■ EXERCISE AIM
Write out the listing below in its entirety, minus the pictures, without changing a word.

■ INPUT DATA
========================================

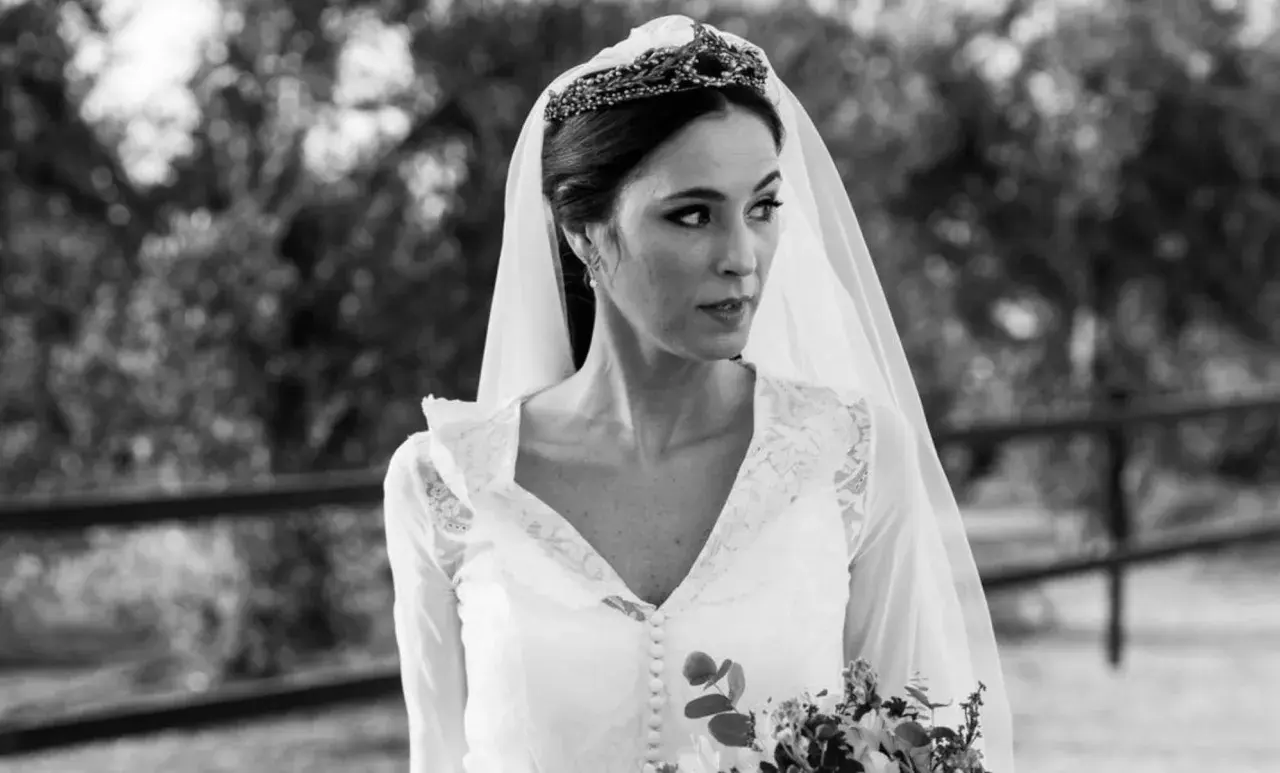 La novia de Juan Miranda, con velo y ramo, luce radiante.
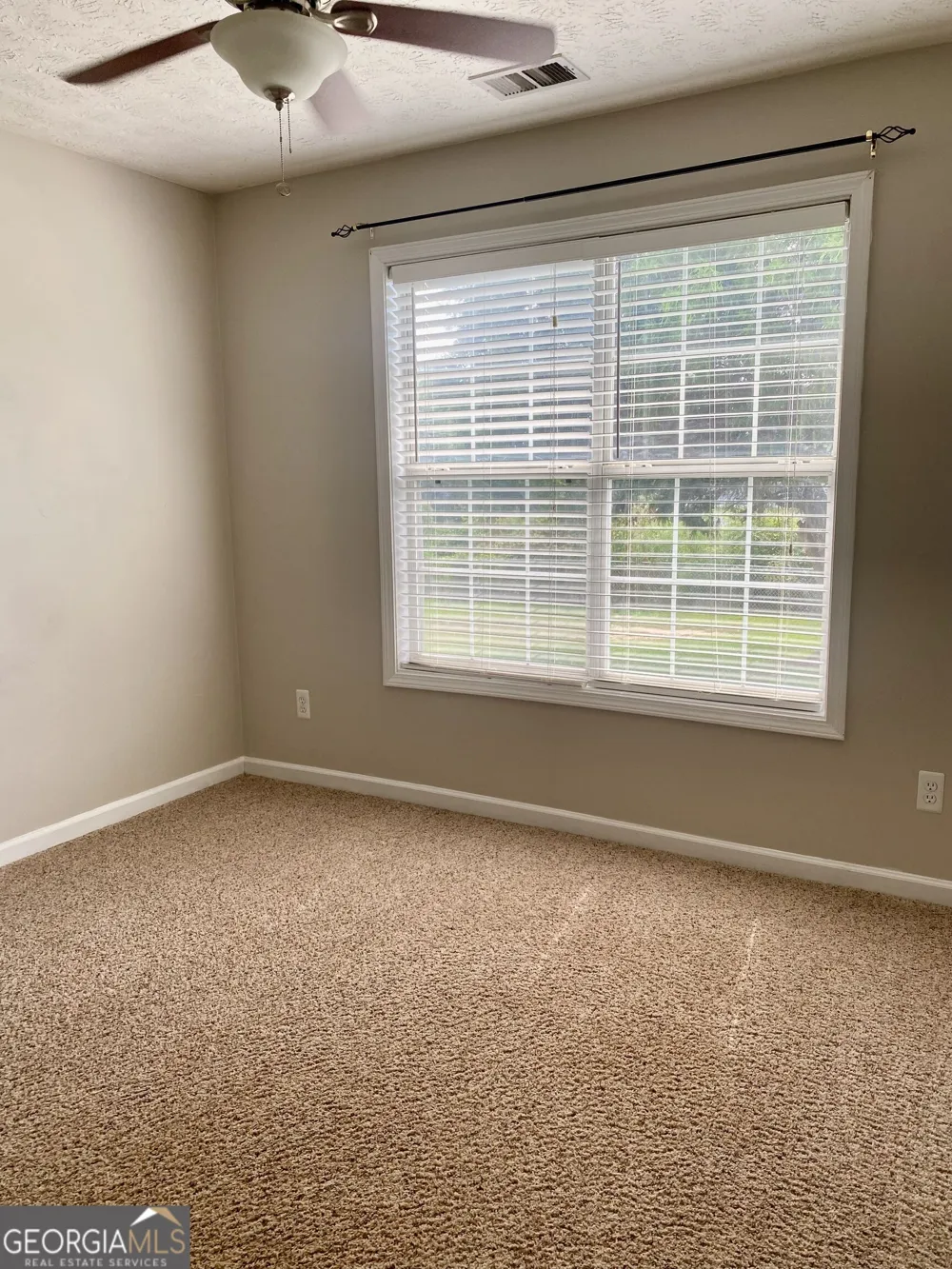 203 Cambridge DR Loganville, GA 30052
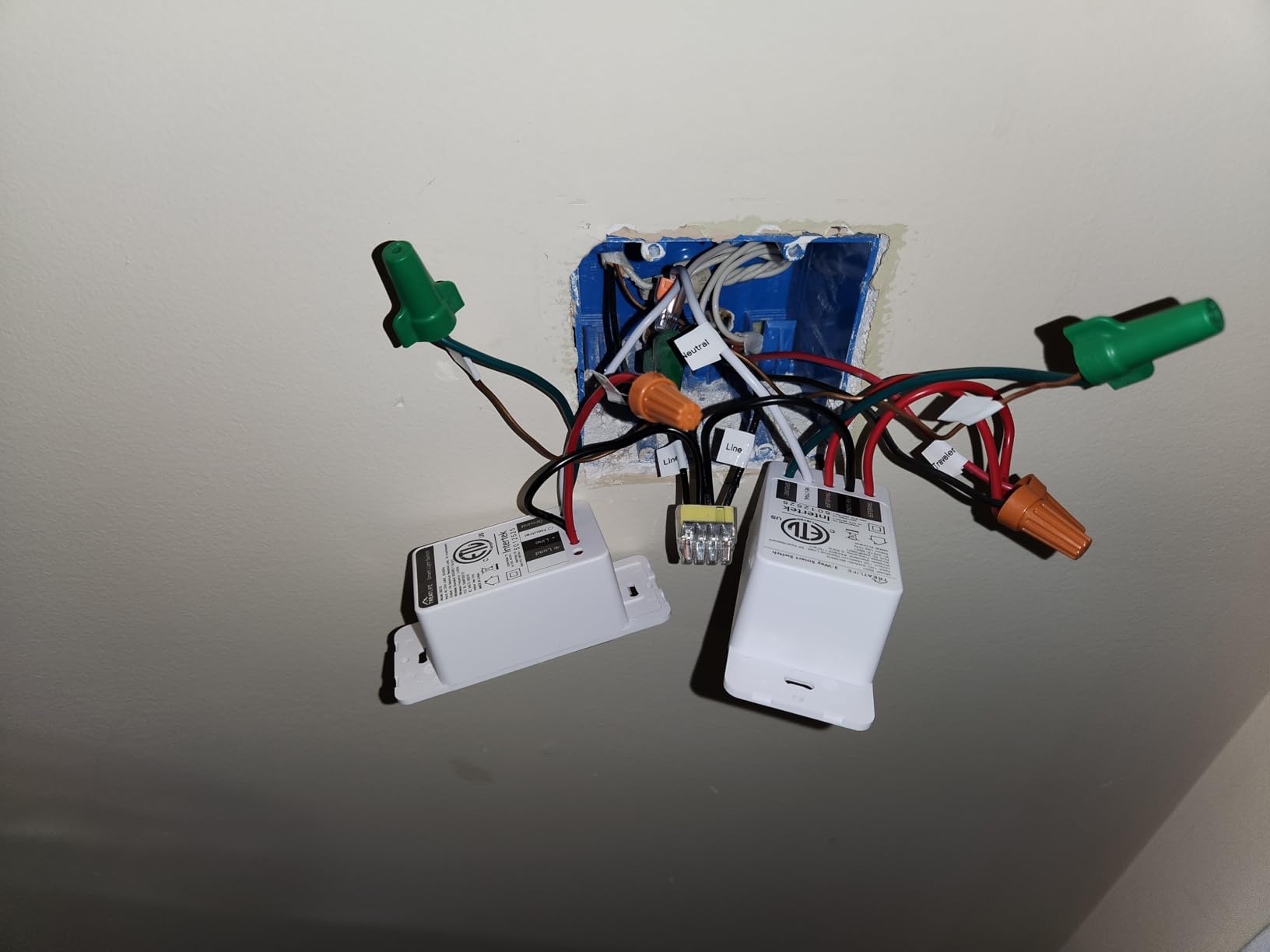 TREATLIFE 3 Way Smart Switch 4 Pack, 2.4GHz WiFi Smart Light Switch 3 Way, Works with Alexa, Google Home and SmartThings, Remote Control, FCC, Schedule, Neutral Wire Required customer photo 1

========================================

■ ANSWER BOX
 La novia de Juan Miranda, con velo y ramo, luce radiante.
 203 Cambridge DR Loganville, GA 30052
 TREATLIFE 3 Way Smart Switch 4 Pack, 2.4GHz WiFi Smart Light Switch 3 Way, Works with Alexa, Google Home and SmartThings, Remote Control, FCC, Schedule, Neutral Wire Required customer photo 1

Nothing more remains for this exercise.